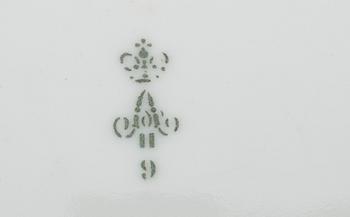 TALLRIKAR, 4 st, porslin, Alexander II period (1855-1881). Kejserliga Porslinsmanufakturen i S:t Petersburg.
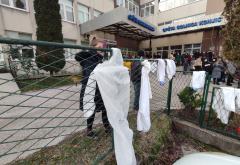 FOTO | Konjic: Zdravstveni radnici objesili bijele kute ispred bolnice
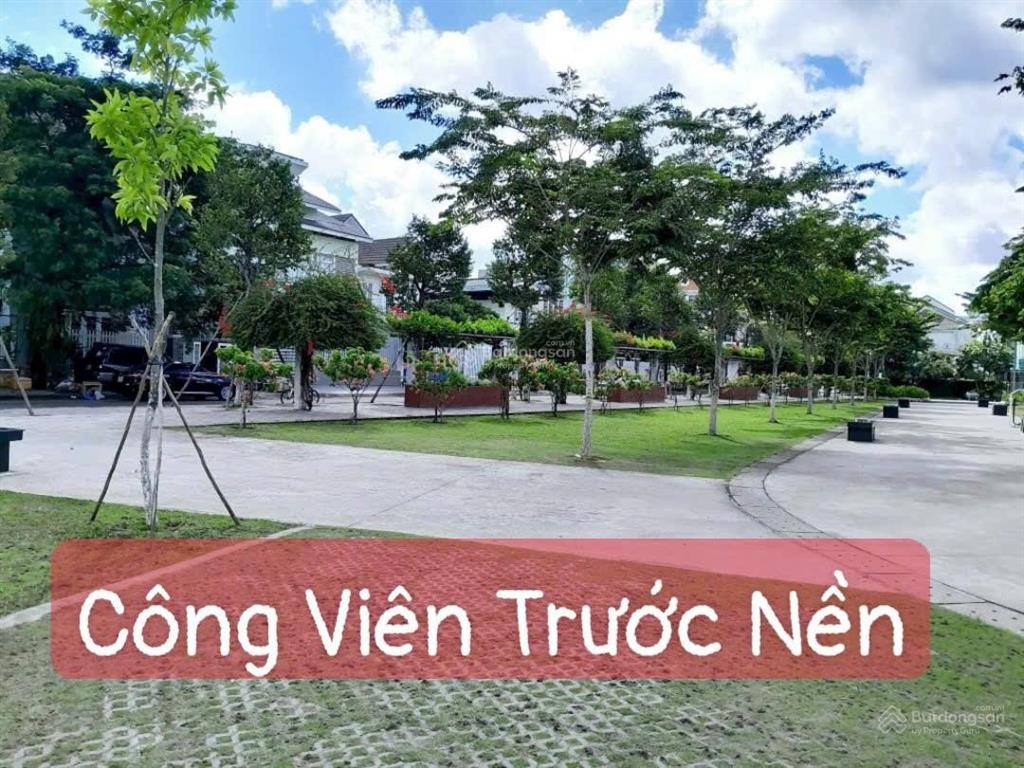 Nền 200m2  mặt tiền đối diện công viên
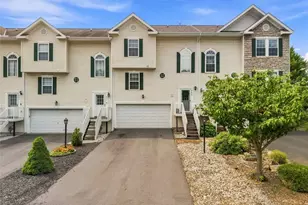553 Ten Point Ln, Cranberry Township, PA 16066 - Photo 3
——————
Print out the whole listing word for word. Leave the pictures out.

 TALLRIKAR, 4 st, porslin, Alexander II period (1855-1881). Kejserliga Porslinsmanufakturen i S:t Petersburg.
 FOTO | Konjic: Zdravstveni radnici objesili bijele kute ispred bolnice
 Nền 200m2  mặt tiền đối diện công viên
553 Ten Point Ln, Cranberry Township, PA 16066 - Photo 3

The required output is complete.